The world of Henry Vermillion—an opening

By Stanley Klein

I was uneasy as soon as I walked into the room. The way he looked at me, I had the feeling I was in trouble. In spite of the fact that he wore a Cardinal’s skullcap and collar, I still felt threatened. And the gang of characters surrounding him only heightened my uneasiness.

Opening of The World of Henry Vermillion
Sat, Jul 21, 8pm
Galería Vermillion
Plaza Colonial
Hernández Macías & Canal

I wasn’t in one of San Miguel’s late night bars on a dark street. In fact, I was standing in Henry Vermillion’s downtown gallery, getting familiar with a multitude of characters that have sprung from his mind and into his paintings.

Viewing Vermillion’s work is not like the usual visit to an art gallery. He has created a world of people that you won’t find in Harry’s Bar or in the Jardin —or wait a minute—maybe you will! He often draws on cocktail napkins in cafes when he is without a pad (as did Modigilani and Picasso), so you might eventually find yourself in one of his paintings. The artist has seen something in ordinary faces that most of us don’t see.
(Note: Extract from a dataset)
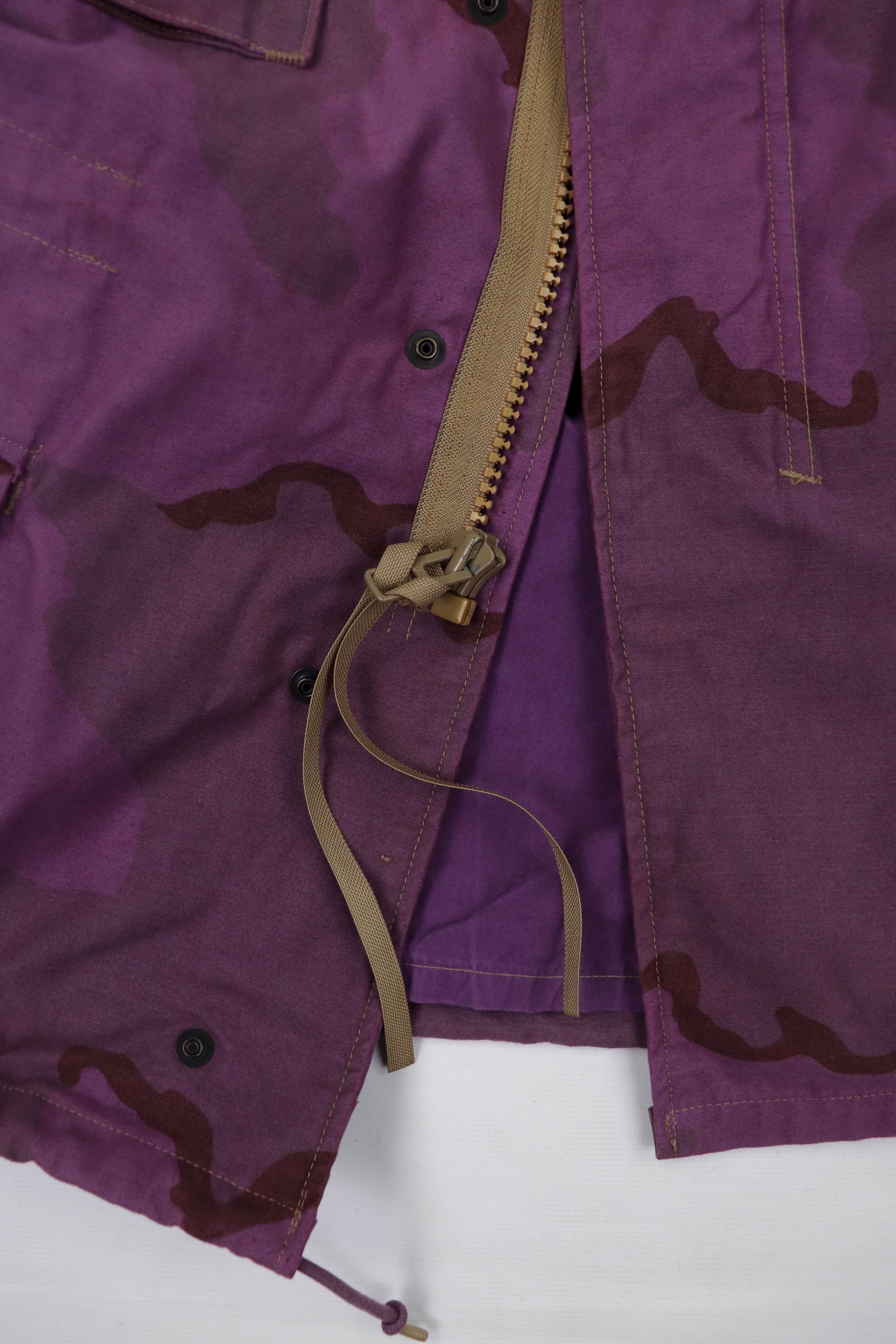 Vintage Vintage Custom Repainted Sun Faded Purple Camo M-65 FJacket Size US S / EU 44-46 / 1 - 18 Thumbnail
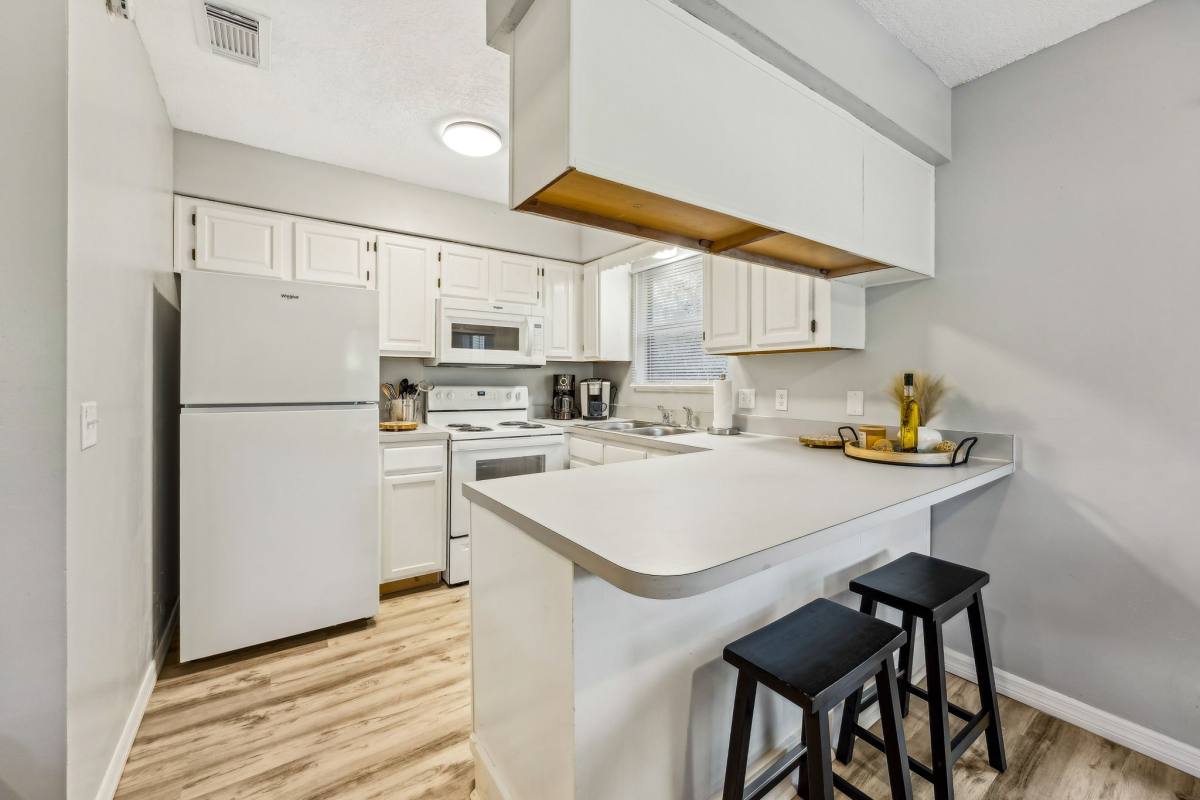 Apartment for rent at 2441 1st Ave, Fernandina Beach, FL 32034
And I think it’s more interesting to meet them here in his gallery than to actually have a drink with them in one of the local gin mills. No hangover this way, although some of these faces will certainly stay with you awhile.

Vermillion has created hundreds of characters in his paintings and drawings. He has been working as a painter in San Miguel since 1991, and as an artist for many years before that in Texas and North Carolina. Maturity has brought a quality to his work that makes you want to see everything he does; it’s like waiting for your favorite author to publish his or her next novel.

A continuing theme in Vermillion’s paintings is the potential evil of the combination of Church and State here in Mexico. One of his images shows a priest standing at close quarters with a most devious-looking man in a dark suit. The title of the picture is “The Priest and His Lawyer.” Another portrait drawing is called “God’s Rottweiler.” I know this face well. I have returned to the Vermillion Gallery several times in recent weeks to confirm that I have actually seen (and I want to say met) these people of power, these politicians, lawyers and religious leaders.

However, this is only one of several themes in the artist’s work. A new series of cloud paintings is strikingly original, and shows his keen interest in nature. His pastel landscapes are far removed from the political spectrum. They’re also a pleasant relief. This contrast and variety is what makes a visit to the Vermillion Gallery a special experience.